Di conseguenza, alla luce degli studi scientifici non contestati dalle parti e della procedura di infrazione intrapresa dagli organi dell'UE, la Corte ha accertato la sussistenza di una situazione di inquinamento ambientale, atta a mettere in pericolo la salute dei ricorrenti e, più in generale, di quella della popolazione residente nella zona.

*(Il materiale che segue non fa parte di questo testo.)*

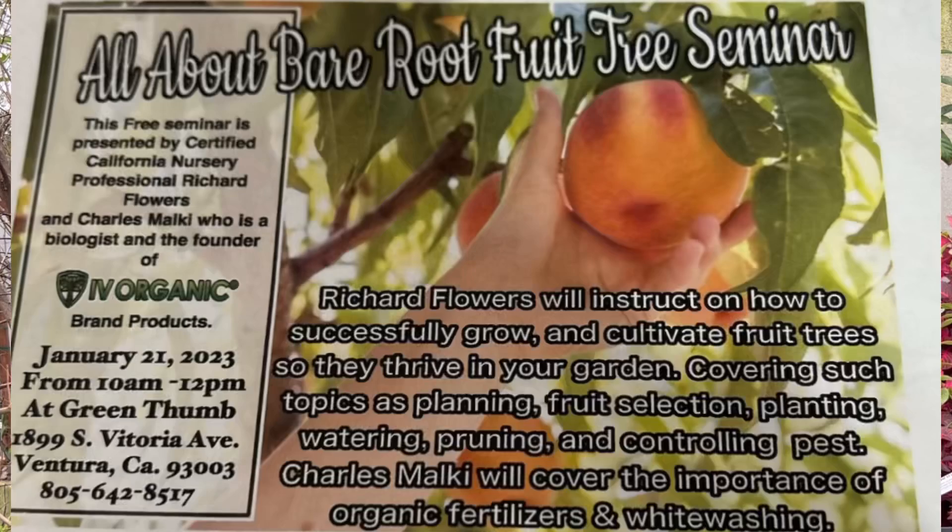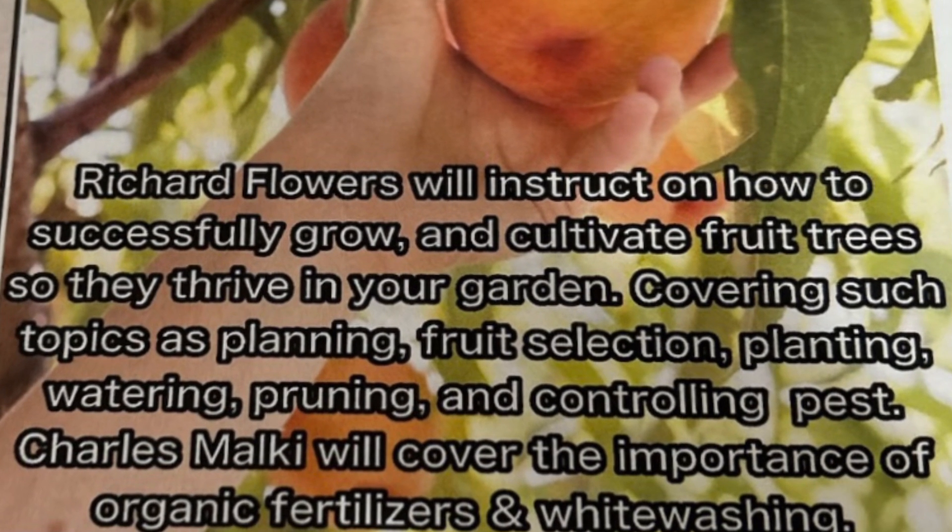Some of the lessons that Richard Flowers is going to discuss is how to cultivate fruit trees so they thrive in your garden, covering such topics as planting, fruit selection, watering, pruning, and controlling pests.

La Corte, ritenendo di non dover applicare nella fattispecie la procedura della "sentenza pilota" (adozione di misure legislative amministrative necessarie per far cessare le attività che sono alle origini delle violazioni ed eliminare le conseguenze derivanti da quest'ultime), ha assegnato al Comitato dei Ministri il compito di indicare al Governo italiano le misure che in termini pratici, devono essere adottate per l'esecuzione della sentenza.
Nessuna somma è stata accordata a titolo di equa soddisfazione ai ricorrenti affetti da patologie connesse all'attività inquinante, né a coloro che a causa delle stesse hanno perso dei congiunti.
A complicare ulteriormente la vicenda, è in intervenuta l'ordinanza del Sindaco di Taranto del 27 febbraio 2020 con la quale è stato intimato alla azienda Arcelor Mittal (ora Acciaierie di Taranto) e ad Ilva in amministrazione straordinaria di risolvere il problema delle emissioni entro trenta giorni.
Non avendo i citati soggetti provveduto, in data 29 marzo 2020 il citato amministratore ha disposto la fermata degli impianti dell'area a caldo, nonostante il ricorso al TAR di Lecce presentato in limine dei termini di scadenza.
Dopo la sentenza del Tar di Lecce n.249/2021 che aveva accolto il ricorso, il Consiglio di Stato (quarta sezione), con sentenza n. 4802 del 23 giugno 2021 , ha disposto l'annullamento della citata sentenza del TAR.
Il potere di ordinanza, secondo i giudici amministrativi, «non risulta suffragato da un'adeguata istruttoria e risulta, al contempo, viziato da intrinseca contraddittorietà e difetto di motivazione».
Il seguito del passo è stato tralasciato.